Data Model of Land Ownership

 

Outline Data Model

 


This Data-Model is universal, i.e., can be applied to land-ownership anywhere.

In the diagram the asterisk (*) depicts “many,” (i.e., any number of participants), so, from Right to Left, the diagram reads: Many OWNERS to one SHARE; many SHARES to one INTEREST; Many INTERESTS to one PARCEL.

Each Class of Object (PARCEL, INTEREST, SHARE and OWNER) can be expanded to provide more details.

A line joining two Classes indicates that there is an Association (or Relationship) between them (e.g., an OWNER owns a SHARE).

Words used in the Data-Model have the specific meanings given to them in the model; each word has a unique and unambiguous meaning, unlike similar words used in the outside world.

Unified Modelling Language (UML)

The diagrams in this post are drawn using the Unified Modelling Language (UML). It has been said that UML can be used in either of three modes: Sketch, Blueprint or Programming Language.

When used as a Blueprint, a set of Diagrams describes a proposed system in full detail; all the computer programmer has to do is translate the meanings depicted by the diagrams into programming language. 

When used as a Programming Language, a programmer describes the system fully in UML Diagrams drawn to strict rules. A computer program then automatically translates (or “compiles,” to use the technical term) the Diagrams into Machine Code to run on a computer.

I am here using UML in sketch mode, i.e., to explain important aspects of the system, but not in sufficient detail to provide a Blueprint. I show that the Data Model is coherent, but do not bore the reader with excessive detail.  Sketch Mode is aimed at a general audience, including policy-makers, politicians, lawyers, surveyors, and interested members of the public, as well as computer-programmers. (UML as a programming language is directed at being understood by a computer).

By providing this outline Data-Model, I am saving organizations proposing to implement a Land Titles System from the considerable expense of developing a Data-Model from scratch. I am also saving them from the error, frequently made, of computerizing legacy models of title registration, which can be expensive, limiting and incoherent.

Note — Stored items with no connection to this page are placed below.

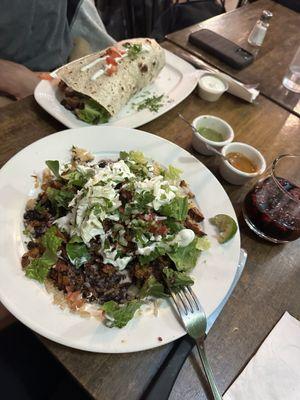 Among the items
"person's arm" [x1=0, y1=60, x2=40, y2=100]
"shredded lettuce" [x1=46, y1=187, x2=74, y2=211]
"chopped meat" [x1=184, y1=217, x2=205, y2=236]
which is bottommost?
"person's arm" [x1=0, y1=60, x2=40, y2=100]

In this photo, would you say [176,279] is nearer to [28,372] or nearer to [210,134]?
[28,372]

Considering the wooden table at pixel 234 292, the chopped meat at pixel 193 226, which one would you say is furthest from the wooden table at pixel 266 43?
the chopped meat at pixel 193 226

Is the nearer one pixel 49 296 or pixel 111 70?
pixel 49 296

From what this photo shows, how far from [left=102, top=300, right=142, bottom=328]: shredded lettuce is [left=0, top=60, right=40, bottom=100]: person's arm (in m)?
1.19

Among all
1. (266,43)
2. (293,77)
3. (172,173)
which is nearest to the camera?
(172,173)

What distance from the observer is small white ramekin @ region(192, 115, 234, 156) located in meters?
1.36

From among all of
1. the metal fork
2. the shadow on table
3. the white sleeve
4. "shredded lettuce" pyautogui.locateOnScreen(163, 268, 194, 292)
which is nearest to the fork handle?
the metal fork

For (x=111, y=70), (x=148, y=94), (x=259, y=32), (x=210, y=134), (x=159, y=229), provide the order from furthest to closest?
(x=259, y=32) < (x=148, y=94) < (x=111, y=70) < (x=210, y=134) < (x=159, y=229)

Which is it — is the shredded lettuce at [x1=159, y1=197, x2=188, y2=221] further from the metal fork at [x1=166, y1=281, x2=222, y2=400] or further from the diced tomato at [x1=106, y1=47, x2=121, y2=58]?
the diced tomato at [x1=106, y1=47, x2=121, y2=58]

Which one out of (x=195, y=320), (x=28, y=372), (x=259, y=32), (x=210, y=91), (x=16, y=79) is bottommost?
(x=28, y=372)

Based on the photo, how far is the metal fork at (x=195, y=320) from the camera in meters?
0.87

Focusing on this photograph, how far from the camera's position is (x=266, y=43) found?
2217 millimetres

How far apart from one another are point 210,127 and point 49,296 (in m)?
0.91

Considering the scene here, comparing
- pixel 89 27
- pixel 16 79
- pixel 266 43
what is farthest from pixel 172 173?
pixel 266 43
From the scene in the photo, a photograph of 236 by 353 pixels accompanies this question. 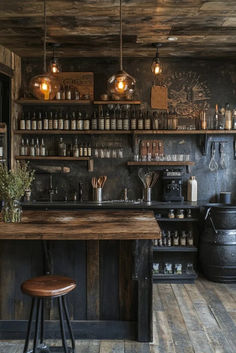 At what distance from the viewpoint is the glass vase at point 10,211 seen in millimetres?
3518

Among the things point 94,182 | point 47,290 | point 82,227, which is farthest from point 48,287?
point 94,182

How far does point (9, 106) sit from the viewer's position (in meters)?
5.72

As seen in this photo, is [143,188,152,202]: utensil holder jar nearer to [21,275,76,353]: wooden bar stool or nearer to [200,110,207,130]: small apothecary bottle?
[200,110,207,130]: small apothecary bottle

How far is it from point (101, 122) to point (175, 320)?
2.87m

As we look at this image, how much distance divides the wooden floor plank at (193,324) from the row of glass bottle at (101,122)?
2196 mm

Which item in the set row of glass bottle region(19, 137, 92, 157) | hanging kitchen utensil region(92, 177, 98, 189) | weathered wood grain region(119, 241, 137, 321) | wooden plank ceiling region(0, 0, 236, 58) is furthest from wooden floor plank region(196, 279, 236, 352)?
wooden plank ceiling region(0, 0, 236, 58)

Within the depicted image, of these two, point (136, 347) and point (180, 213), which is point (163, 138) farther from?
point (136, 347)

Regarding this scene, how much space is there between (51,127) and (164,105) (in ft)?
5.18

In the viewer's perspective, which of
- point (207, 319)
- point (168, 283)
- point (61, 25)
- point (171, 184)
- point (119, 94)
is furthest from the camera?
point (171, 184)

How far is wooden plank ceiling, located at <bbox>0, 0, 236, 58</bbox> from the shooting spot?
3.87m

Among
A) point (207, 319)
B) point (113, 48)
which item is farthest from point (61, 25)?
point (207, 319)

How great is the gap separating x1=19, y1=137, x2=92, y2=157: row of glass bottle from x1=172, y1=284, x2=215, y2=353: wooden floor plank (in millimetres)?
2186

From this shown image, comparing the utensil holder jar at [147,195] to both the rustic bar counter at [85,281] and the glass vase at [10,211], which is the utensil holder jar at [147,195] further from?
the glass vase at [10,211]

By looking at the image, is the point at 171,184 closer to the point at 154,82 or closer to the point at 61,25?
the point at 154,82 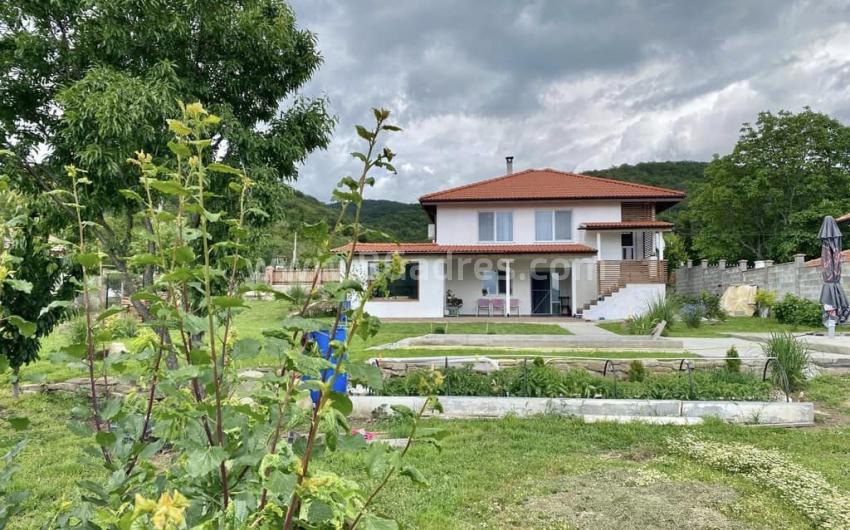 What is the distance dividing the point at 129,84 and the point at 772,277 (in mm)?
23857

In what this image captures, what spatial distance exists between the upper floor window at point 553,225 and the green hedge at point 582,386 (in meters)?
15.4

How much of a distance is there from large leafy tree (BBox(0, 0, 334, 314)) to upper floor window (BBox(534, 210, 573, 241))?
55.9ft

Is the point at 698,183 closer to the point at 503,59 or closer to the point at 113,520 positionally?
the point at 503,59

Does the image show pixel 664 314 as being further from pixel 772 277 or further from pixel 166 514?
pixel 166 514

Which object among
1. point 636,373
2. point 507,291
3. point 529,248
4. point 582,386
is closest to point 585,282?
point 529,248

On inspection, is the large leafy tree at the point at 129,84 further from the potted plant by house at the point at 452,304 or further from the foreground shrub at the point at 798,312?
the foreground shrub at the point at 798,312

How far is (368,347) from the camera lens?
428 inches

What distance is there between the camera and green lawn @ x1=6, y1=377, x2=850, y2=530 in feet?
11.1

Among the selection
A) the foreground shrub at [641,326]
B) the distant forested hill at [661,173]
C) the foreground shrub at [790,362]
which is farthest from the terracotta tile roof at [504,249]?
the distant forested hill at [661,173]

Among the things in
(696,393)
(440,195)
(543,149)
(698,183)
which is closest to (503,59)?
(440,195)

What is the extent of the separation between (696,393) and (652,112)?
1076 inches

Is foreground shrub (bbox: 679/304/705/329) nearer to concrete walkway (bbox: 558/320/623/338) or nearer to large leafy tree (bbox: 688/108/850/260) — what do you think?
concrete walkway (bbox: 558/320/623/338)

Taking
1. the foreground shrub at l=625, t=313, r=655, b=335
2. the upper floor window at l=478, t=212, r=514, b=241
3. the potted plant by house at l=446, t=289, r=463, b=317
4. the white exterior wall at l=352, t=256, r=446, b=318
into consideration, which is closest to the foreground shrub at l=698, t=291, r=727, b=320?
the foreground shrub at l=625, t=313, r=655, b=335

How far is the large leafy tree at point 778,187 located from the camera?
32.7 meters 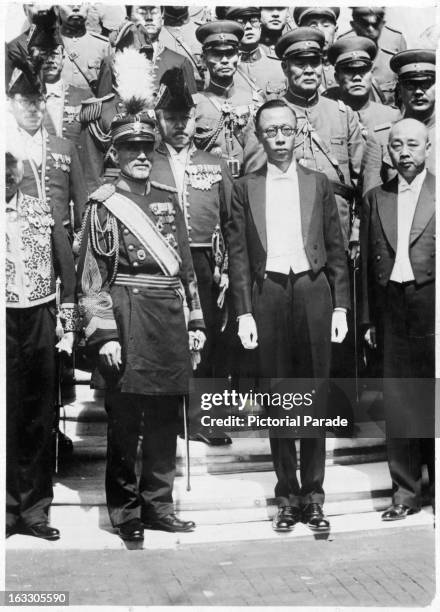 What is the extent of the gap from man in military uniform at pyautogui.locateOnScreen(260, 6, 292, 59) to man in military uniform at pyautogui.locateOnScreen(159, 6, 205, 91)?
0.41 metres

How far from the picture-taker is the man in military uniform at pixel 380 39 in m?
6.02

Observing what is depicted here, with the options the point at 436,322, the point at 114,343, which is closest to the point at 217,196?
the point at 114,343

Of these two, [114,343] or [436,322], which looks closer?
[114,343]

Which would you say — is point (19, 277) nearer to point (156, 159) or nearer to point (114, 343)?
point (114, 343)

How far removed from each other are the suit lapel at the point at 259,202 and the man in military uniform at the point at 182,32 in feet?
2.78

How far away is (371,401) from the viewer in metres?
6.06

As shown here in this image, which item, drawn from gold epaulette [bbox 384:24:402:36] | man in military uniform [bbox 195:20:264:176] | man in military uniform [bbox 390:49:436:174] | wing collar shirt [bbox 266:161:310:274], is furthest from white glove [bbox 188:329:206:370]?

Expanding the PARCEL Class

A PARCEL may be either a GROUND-PARCEL (i.e., a plot of ground of whatever size), or a STRATUM-PARCEL (an apartment or other unit on a floor of a multi-story building, or a part of any stratum under or over the surface of the land). This is illustrated in the following expansion of the PARCEL Class:

 

 We see that a Ground Parcel may or may not have an association with STRATUM-PARCELs (“0..1” in UML indicates optional participation, i.e., none or one participating in a particular Relationship). If participating, then one GROUND-PARCEL is related to many STRATUM-PARCELS (i.e., there may be several apartments, and other units, within the bounds of the GROUND-PARCEL).

We also see that a PARCEL is either a GROUND-PARCEL or a STRATUM-PARCEL, the triangular graphic indicating a “generalization,” i.e., that “PARCEL” is a general name for Objects that are either GROUND-PARCELS or STRATUM-PARCELS.

The GROUND-PARCEL Object-Class

We can now proceed to examine the characteristics of the GROUND-PARCEL Class:


We follow the practice of UML by depicting a Class by means of a Rectangle divided into three compartments. The first compartment depicts the name of the Object-Class (GROUND-PARCEL in this case), the next depicts the list of Attributes to be recorded in respect of each Object of the Class, and the third gives the list of Operations associated with such an Object.

An Attribute is a static statement about the Object (such as its Identity number, name, address, etc.).

An Operation is some procedure that the system carries out by means of the Object – for example, Area-Calc in relation to a GROUND-PARCEL is a mathematical operation that calculates the area of the GROUND-PARCEL by applying a formula to its coordinates.

There are UML notations for depicting more details of each Attribute or Procedure, but these only become relevant in a detailed model. We do not show here all the properties of the GROUND-PARCEL, but just those we wish to discuss at this point.

The Attributes of GROUND-PARCEL

We make the following observations about the Attributes of GROUND-PARCEL listed in the above diagram:

Ground-Parcel-Number: Every Object entered into the system will have a unique number by which it is identified; in this case the Ground-Parcel-Number.

The Coordinates are specified as a string of numbers which signify the Latitude and Longitude of each point where the boundary changes direction. From these, a computer can draw a visual map of the GROUND-PARCEL.

Creation-Date is the date on which this GROUND-PARCEL was created; Creation-Instrument is the Instrument Number by which it was created. (These are part of the Audit Trail by which every piece of data in the system can be checked as to the legitimacy of its origin).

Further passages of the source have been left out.